Poverty reduction has also been promoted by direct support for low-income sectors including subsidies for public transportation for all and energy subsides under a certain usage, benefiting 80% of the population. Special half pensions are available for those senior citizens who were not able to pay into the social security system for the required 750 weeks required for a full pension at the retirement age of 60.

Transparency in the use of both national and international funds has also been a major factor. Multilateral agencies, such as the World Bank, the Inter-American Development Bank, the IMF and the Central American Economic Integration Bank have all affirmed at one time or another that their portfolios in Nicaragua have been very well and transparently managed.



I would now like to talk about what are the major threats to the continued economic development of Nicaragua, and to most other countries, around the world. The first is natural disasters, including pandemics.

After the devastation of Hurricane Mitch in October 1988, the Aleman government received huge flows of emergency aid, but economic growth dropped to less than one percent the following year. Even worse, very little preparation was put in place to mitigate the damage of Hurricane Mitch at the time—to the extent that President Aleman ignored the appeals of the mayor of a small town near Leon to evacuate her people and no help came. Several thousand people died.

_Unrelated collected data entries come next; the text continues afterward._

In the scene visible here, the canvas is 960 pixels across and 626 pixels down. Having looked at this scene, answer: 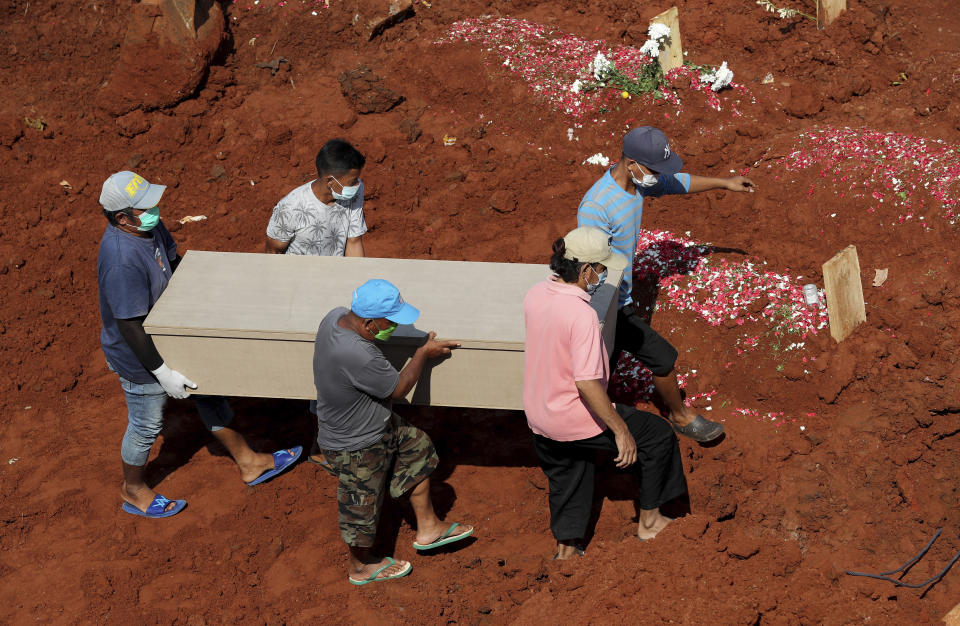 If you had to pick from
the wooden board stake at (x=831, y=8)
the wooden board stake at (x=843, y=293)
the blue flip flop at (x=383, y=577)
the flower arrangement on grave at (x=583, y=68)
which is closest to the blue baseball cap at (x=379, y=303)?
the blue flip flop at (x=383, y=577)

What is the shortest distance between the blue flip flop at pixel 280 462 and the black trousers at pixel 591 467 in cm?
182

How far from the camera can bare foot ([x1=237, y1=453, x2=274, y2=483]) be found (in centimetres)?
518

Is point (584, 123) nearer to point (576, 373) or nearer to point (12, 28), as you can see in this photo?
point (576, 373)

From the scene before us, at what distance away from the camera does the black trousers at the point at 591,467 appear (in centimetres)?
410

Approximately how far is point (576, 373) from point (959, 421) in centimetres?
273

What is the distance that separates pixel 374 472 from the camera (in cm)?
418

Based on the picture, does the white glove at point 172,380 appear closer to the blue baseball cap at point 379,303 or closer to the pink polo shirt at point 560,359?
the blue baseball cap at point 379,303

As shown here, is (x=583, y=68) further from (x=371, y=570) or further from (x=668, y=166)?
(x=371, y=570)

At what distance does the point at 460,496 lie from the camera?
5.13m

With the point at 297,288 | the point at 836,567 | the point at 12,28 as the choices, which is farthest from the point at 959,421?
the point at 12,28

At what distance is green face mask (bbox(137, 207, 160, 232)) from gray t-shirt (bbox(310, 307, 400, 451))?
1121 millimetres

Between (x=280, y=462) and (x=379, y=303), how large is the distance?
210cm

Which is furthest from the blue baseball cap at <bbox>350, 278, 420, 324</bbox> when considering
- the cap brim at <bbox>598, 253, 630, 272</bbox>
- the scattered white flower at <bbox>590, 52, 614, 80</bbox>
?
the scattered white flower at <bbox>590, 52, 614, 80</bbox>

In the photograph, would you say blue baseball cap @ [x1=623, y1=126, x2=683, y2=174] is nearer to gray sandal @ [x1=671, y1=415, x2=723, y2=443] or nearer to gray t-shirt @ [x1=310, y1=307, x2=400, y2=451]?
gray sandal @ [x1=671, y1=415, x2=723, y2=443] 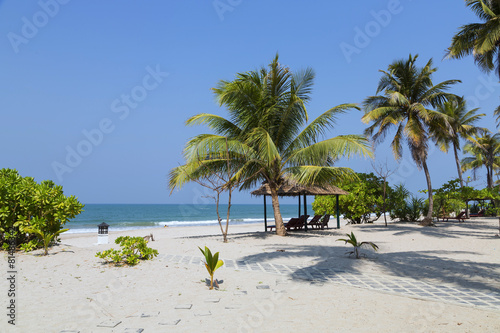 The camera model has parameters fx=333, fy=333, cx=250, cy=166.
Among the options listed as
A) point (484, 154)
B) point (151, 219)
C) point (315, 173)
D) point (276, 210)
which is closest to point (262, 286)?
point (315, 173)

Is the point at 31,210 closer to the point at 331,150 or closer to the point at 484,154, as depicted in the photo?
the point at 331,150

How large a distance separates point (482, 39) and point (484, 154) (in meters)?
23.2

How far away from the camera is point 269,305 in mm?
4656

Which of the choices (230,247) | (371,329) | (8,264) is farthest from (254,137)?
(371,329)

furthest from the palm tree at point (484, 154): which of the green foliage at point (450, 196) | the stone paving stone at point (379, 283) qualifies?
the stone paving stone at point (379, 283)

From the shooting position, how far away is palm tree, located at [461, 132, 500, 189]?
29234mm

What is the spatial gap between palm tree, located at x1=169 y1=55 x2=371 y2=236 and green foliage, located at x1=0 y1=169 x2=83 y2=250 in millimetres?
4102

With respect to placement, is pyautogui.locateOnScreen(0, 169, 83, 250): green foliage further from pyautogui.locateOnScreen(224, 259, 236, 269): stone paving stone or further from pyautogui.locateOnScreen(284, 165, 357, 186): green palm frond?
pyautogui.locateOnScreen(284, 165, 357, 186): green palm frond

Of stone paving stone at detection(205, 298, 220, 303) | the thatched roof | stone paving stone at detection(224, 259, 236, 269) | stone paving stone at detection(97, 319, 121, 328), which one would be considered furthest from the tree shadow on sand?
the thatched roof

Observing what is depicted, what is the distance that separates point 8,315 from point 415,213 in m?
21.7

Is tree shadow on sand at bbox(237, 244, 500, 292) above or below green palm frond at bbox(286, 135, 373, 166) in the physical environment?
below

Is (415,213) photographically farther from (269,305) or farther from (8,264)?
(8,264)

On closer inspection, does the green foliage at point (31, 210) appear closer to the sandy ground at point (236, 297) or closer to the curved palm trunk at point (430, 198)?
the sandy ground at point (236, 297)

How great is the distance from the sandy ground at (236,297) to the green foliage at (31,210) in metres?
0.65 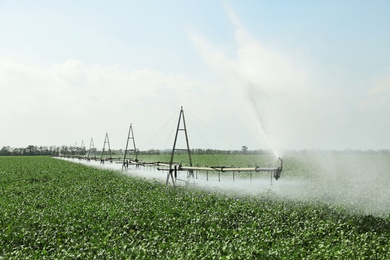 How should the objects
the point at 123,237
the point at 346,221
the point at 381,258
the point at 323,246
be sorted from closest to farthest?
the point at 381,258
the point at 323,246
the point at 123,237
the point at 346,221

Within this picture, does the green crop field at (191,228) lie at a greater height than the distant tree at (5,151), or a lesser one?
lesser

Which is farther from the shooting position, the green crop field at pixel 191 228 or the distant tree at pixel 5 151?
the distant tree at pixel 5 151

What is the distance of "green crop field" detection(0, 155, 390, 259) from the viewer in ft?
36.5

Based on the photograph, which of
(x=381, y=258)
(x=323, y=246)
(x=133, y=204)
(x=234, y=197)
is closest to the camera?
(x=381, y=258)

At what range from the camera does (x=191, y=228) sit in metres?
13.5

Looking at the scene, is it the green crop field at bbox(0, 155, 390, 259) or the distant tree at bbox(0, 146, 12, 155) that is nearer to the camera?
the green crop field at bbox(0, 155, 390, 259)

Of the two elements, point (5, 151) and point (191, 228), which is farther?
point (5, 151)

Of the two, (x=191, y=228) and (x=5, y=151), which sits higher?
(x=5, y=151)

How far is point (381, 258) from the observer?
10516mm

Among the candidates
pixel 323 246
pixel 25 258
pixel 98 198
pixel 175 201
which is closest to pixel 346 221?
pixel 323 246

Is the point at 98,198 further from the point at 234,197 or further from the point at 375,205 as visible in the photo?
the point at 375,205

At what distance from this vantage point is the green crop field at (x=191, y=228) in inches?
438

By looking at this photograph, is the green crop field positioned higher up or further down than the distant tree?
further down

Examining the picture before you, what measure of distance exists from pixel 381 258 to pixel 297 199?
329 inches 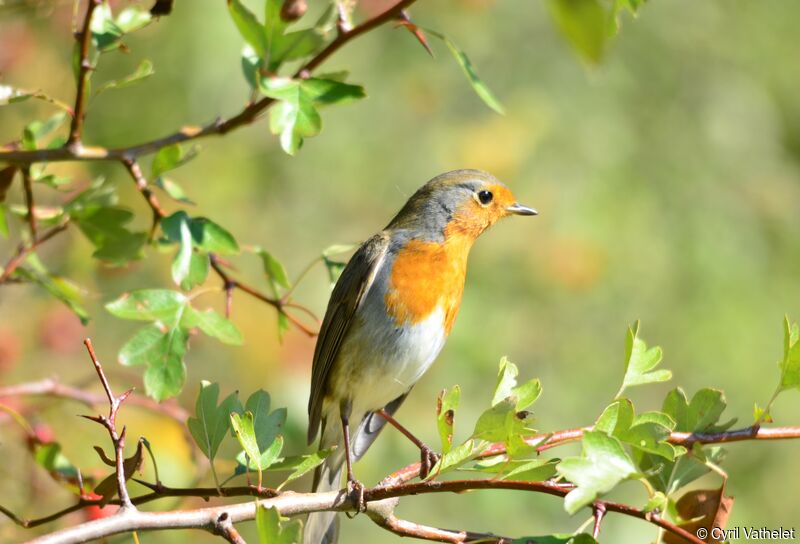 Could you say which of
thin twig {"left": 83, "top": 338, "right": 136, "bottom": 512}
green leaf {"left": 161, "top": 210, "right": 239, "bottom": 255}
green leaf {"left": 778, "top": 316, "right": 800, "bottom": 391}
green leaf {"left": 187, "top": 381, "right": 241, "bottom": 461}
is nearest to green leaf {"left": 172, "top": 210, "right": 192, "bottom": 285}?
green leaf {"left": 161, "top": 210, "right": 239, "bottom": 255}

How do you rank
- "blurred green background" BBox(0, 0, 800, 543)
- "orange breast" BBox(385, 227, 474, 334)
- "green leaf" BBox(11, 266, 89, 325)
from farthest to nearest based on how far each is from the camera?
"blurred green background" BBox(0, 0, 800, 543) → "orange breast" BBox(385, 227, 474, 334) → "green leaf" BBox(11, 266, 89, 325)

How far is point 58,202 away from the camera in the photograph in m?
4.22

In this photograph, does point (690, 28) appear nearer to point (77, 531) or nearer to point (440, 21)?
point (440, 21)

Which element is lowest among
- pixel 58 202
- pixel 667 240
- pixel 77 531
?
pixel 667 240

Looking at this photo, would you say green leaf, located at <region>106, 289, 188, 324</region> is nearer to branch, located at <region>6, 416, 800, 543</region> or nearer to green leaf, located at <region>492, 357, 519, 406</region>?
branch, located at <region>6, 416, 800, 543</region>

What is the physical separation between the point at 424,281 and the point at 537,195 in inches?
113

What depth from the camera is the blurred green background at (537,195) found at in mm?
4961

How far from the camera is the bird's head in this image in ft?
10.8

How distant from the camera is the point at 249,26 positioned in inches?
73.4

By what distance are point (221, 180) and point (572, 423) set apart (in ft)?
8.02

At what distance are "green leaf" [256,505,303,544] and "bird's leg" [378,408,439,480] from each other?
611mm

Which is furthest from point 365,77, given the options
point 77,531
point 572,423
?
point 77,531

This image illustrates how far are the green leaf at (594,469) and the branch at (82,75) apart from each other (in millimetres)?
1208

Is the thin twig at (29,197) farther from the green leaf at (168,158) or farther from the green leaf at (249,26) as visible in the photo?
the green leaf at (249,26) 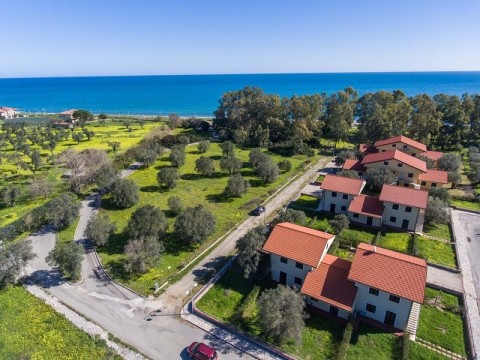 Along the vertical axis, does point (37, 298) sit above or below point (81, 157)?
below

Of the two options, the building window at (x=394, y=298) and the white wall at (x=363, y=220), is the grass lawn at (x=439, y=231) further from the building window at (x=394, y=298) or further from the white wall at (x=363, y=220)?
the building window at (x=394, y=298)

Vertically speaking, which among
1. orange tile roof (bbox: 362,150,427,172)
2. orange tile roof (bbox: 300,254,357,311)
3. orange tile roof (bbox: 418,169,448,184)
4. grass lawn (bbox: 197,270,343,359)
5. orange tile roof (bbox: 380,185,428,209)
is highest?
orange tile roof (bbox: 362,150,427,172)

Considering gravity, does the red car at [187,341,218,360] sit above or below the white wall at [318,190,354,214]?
below

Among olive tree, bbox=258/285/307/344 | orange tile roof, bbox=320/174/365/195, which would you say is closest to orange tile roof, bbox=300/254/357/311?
olive tree, bbox=258/285/307/344

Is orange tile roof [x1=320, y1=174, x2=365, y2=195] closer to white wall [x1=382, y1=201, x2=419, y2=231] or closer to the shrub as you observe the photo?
white wall [x1=382, y1=201, x2=419, y2=231]

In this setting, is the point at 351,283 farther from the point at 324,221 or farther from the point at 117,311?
the point at 117,311

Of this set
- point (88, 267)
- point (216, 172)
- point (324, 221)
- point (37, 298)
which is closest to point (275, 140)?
point (216, 172) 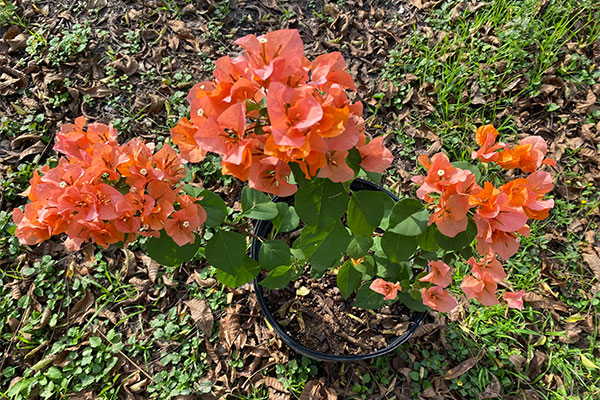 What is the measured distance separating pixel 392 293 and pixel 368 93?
1498mm

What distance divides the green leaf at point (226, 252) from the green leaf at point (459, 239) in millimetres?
534

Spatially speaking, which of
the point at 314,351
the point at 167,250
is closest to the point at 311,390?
the point at 314,351

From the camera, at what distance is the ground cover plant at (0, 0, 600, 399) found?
1.86 m

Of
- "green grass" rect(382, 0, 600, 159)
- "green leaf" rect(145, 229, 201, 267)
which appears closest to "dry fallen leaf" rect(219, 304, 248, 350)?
"green leaf" rect(145, 229, 201, 267)

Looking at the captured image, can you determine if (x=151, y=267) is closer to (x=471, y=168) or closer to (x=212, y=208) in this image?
(x=212, y=208)

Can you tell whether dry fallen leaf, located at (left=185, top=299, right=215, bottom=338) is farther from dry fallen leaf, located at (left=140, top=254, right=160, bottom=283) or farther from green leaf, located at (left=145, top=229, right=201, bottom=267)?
green leaf, located at (left=145, top=229, right=201, bottom=267)

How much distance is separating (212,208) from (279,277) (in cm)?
43

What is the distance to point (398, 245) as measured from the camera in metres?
1.15

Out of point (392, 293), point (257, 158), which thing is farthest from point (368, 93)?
point (257, 158)

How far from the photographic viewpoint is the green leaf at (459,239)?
1.04 meters

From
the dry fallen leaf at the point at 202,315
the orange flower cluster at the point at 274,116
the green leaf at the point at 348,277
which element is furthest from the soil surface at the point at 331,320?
the orange flower cluster at the point at 274,116

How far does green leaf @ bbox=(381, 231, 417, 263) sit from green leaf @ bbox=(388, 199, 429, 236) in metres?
0.08

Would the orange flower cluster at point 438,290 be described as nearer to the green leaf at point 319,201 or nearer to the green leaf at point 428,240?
the green leaf at point 428,240

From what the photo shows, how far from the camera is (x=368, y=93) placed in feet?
8.25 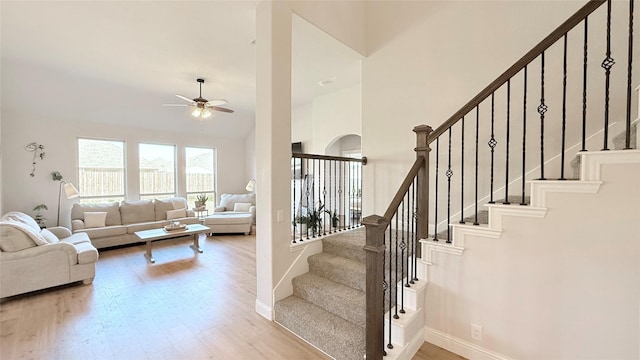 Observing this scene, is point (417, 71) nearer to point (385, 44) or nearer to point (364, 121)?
point (385, 44)

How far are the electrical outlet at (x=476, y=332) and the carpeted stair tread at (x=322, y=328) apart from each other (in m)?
0.92

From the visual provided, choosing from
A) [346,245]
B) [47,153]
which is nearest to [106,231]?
[47,153]

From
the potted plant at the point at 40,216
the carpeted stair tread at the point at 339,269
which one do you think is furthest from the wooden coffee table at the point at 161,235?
the carpeted stair tread at the point at 339,269

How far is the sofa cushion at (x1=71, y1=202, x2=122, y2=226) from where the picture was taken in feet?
18.1

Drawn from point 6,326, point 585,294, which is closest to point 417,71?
point 585,294

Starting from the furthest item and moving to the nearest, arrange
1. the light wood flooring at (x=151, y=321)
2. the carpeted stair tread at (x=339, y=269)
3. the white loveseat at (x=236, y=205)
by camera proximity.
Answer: the white loveseat at (x=236, y=205) → the carpeted stair tread at (x=339, y=269) → the light wood flooring at (x=151, y=321)

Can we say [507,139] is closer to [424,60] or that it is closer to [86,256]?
[424,60]

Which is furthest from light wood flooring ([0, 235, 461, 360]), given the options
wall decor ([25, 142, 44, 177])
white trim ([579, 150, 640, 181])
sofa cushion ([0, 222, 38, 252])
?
wall decor ([25, 142, 44, 177])

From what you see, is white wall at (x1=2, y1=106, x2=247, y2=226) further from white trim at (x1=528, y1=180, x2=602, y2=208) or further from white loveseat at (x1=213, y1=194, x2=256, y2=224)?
white trim at (x1=528, y1=180, x2=602, y2=208)

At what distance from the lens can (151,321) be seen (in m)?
2.63

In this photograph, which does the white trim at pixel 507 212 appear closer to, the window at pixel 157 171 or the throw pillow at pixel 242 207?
the throw pillow at pixel 242 207

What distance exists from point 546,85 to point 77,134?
8.76 m

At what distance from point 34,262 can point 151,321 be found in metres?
2.06

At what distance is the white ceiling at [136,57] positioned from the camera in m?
3.04
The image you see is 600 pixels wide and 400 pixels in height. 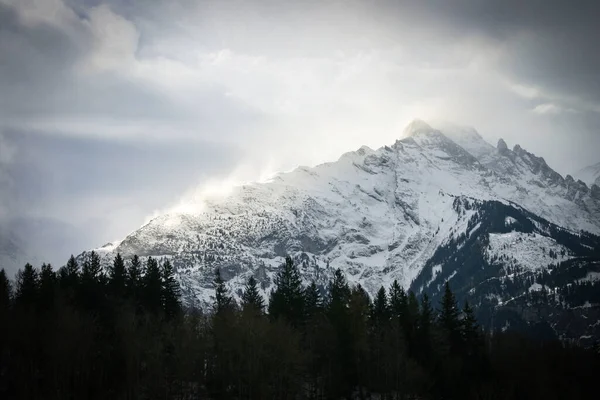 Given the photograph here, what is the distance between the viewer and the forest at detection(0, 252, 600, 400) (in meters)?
72.2

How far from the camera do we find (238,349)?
75938 millimetres

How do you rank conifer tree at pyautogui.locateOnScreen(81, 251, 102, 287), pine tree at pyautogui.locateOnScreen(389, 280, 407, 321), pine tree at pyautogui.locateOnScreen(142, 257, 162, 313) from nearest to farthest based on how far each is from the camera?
1. conifer tree at pyautogui.locateOnScreen(81, 251, 102, 287)
2. pine tree at pyautogui.locateOnScreen(142, 257, 162, 313)
3. pine tree at pyautogui.locateOnScreen(389, 280, 407, 321)

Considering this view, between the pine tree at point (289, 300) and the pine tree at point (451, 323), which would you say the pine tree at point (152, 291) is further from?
Answer: the pine tree at point (451, 323)

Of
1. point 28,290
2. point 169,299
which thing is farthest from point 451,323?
point 28,290

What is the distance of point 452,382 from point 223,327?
126 ft

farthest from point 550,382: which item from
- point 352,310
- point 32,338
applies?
point 32,338

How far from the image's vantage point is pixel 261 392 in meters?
73.4

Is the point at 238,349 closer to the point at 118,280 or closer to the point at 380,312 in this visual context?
the point at 118,280

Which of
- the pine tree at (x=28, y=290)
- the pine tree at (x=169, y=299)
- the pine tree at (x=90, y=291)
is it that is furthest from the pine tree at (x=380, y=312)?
the pine tree at (x=28, y=290)

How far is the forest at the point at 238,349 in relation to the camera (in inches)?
2842

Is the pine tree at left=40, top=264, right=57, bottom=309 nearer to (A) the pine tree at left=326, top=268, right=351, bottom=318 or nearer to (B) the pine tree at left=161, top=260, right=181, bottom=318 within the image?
(B) the pine tree at left=161, top=260, right=181, bottom=318

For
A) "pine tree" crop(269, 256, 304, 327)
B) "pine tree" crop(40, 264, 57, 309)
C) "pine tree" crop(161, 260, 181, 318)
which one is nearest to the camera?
"pine tree" crop(40, 264, 57, 309)

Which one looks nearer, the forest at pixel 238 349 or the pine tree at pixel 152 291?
the forest at pixel 238 349

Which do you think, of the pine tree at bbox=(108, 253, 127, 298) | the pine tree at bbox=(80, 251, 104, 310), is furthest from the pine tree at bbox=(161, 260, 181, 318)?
the pine tree at bbox=(80, 251, 104, 310) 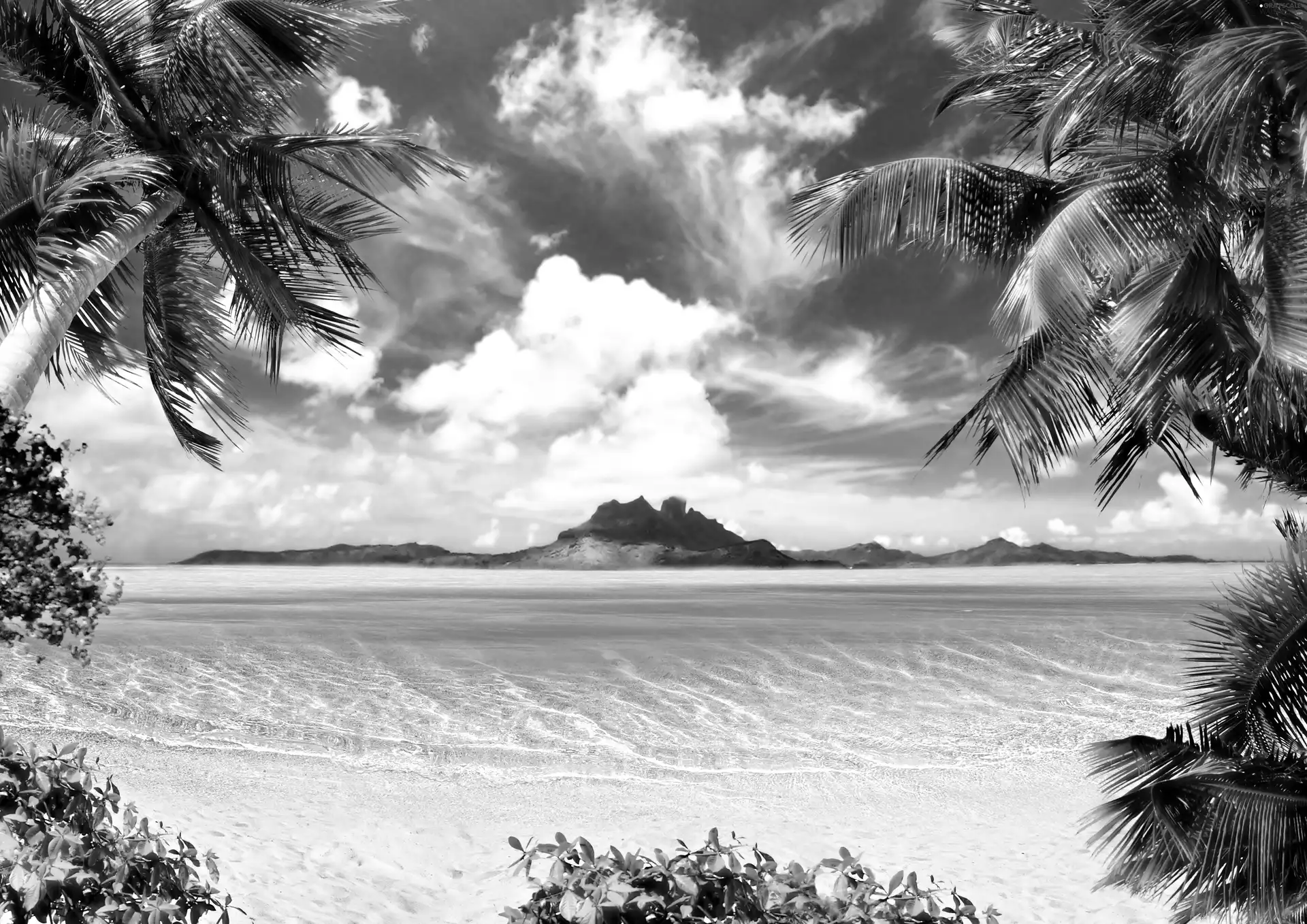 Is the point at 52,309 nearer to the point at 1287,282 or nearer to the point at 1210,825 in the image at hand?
the point at 1210,825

Contrast that to the recent response of President Ortega´s government to last year’s two Category 5 hurricanes, ETA and IOTA, the most devastating to hit the country in 40 years. The difference was that the very efficient and tested national system of disaster prevention and mitigation, coordinated by a government agency called SINAPRED, was activated a week before the first hurricane hit. One hundred thousand emergency volunteers were mobilized, 160,000 people evacuated, 1195 shelters and 2,300 safe houses identified before the hurricanes hit and supplies of food, mattresses, medicine, water, etc. were sent days earlier. No deaths were attributed to ETA but 16 died in IOTA, all related to people who refused to leave their homes or went back against advice.

On November 24th, the Minister of Finance estimated that the economic damage from the two hurricanes was over US$742 million dollars, equivalent to 6.2 % of Nicaragua´s GDP. Two days later, Nicaragua received a check for $30.6 million dollars thanks to the planning competence of the government. Anticipating a worse than normal hurricane season, Nicaragua increased its tropical cyclone insurance coverage from the Caribbean Catastrophe Risk Insurance Facility and, as a result, the country received the much needed payout under the excess rainfall and tropical cyclone policies.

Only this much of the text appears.